DATA SUPPLIED:
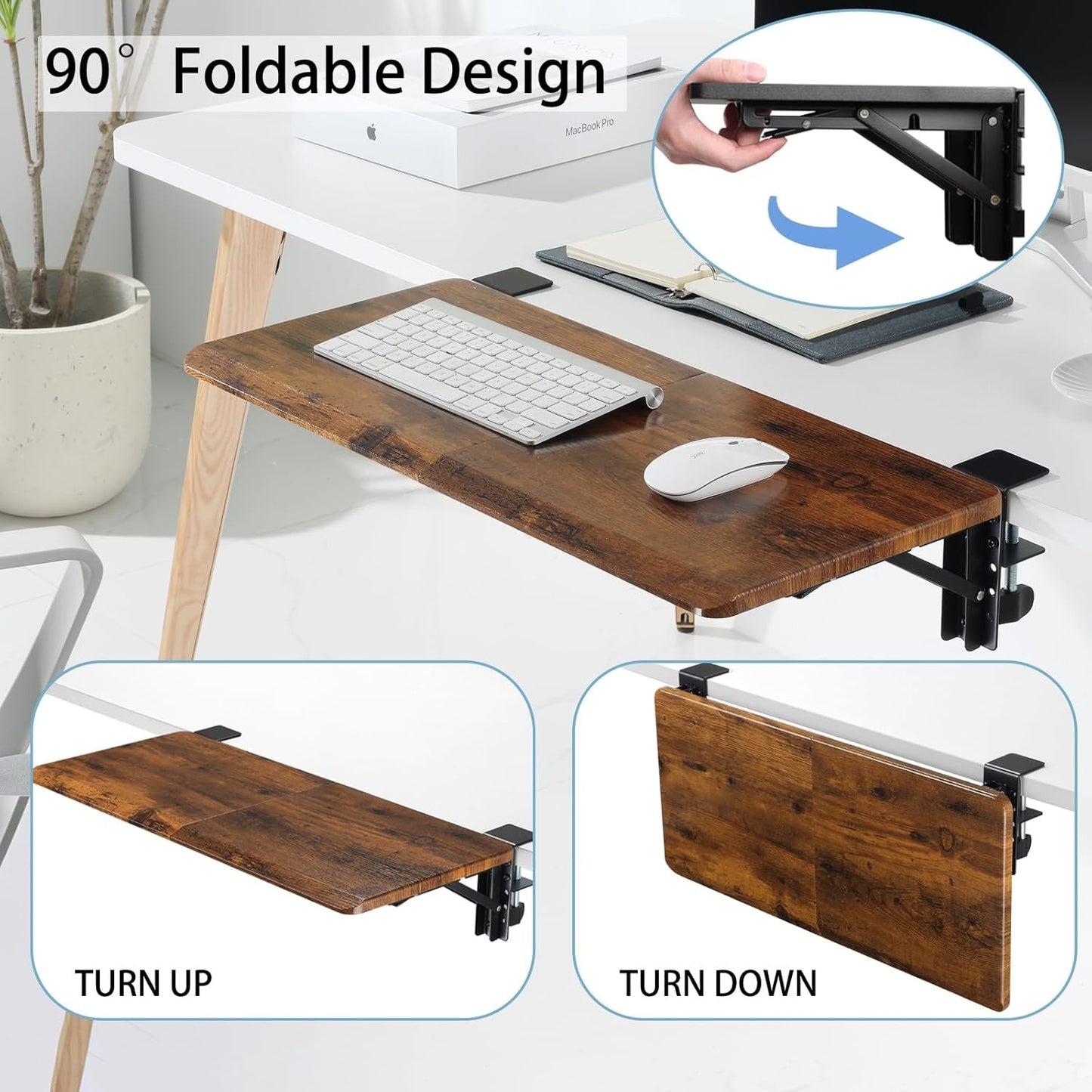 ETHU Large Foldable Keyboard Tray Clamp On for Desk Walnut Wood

==

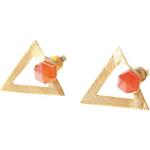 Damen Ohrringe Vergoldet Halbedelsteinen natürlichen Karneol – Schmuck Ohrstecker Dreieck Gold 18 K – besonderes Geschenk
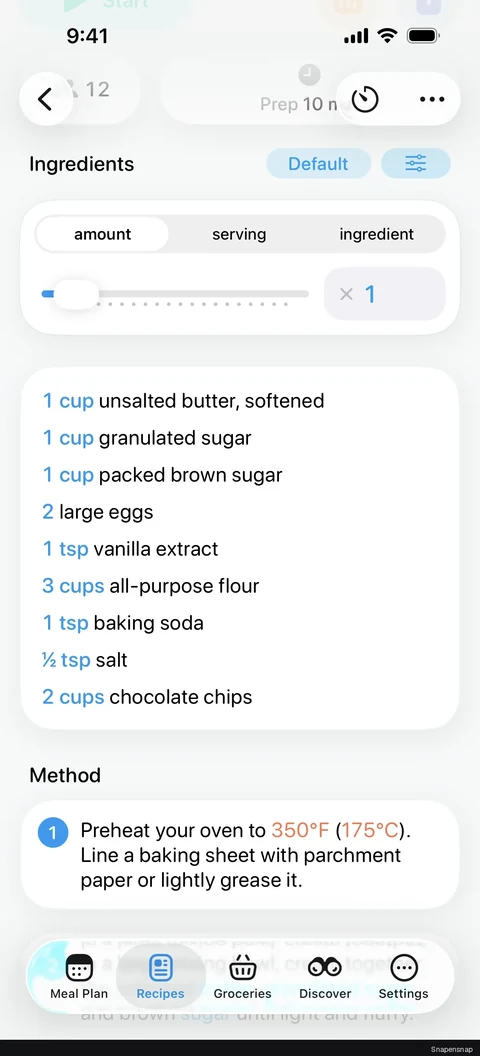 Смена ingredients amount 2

TASK TO CARRY OUT: Restate word for word the lines of the data above that begin at the line with "Damen Ohrringe Vergoldet" and end at the line with "Смена ingredients amount 2", keeping both ends and dropping every picture.

EXPECTED ANSWER:
 Damen Ohrringe Vergoldet Halbedelsteinen natürlichen Karneol – Schmuck Ohrstecker Dreieck Gold 18 K – besonderes Geschenk
 Смена ingredients amount 2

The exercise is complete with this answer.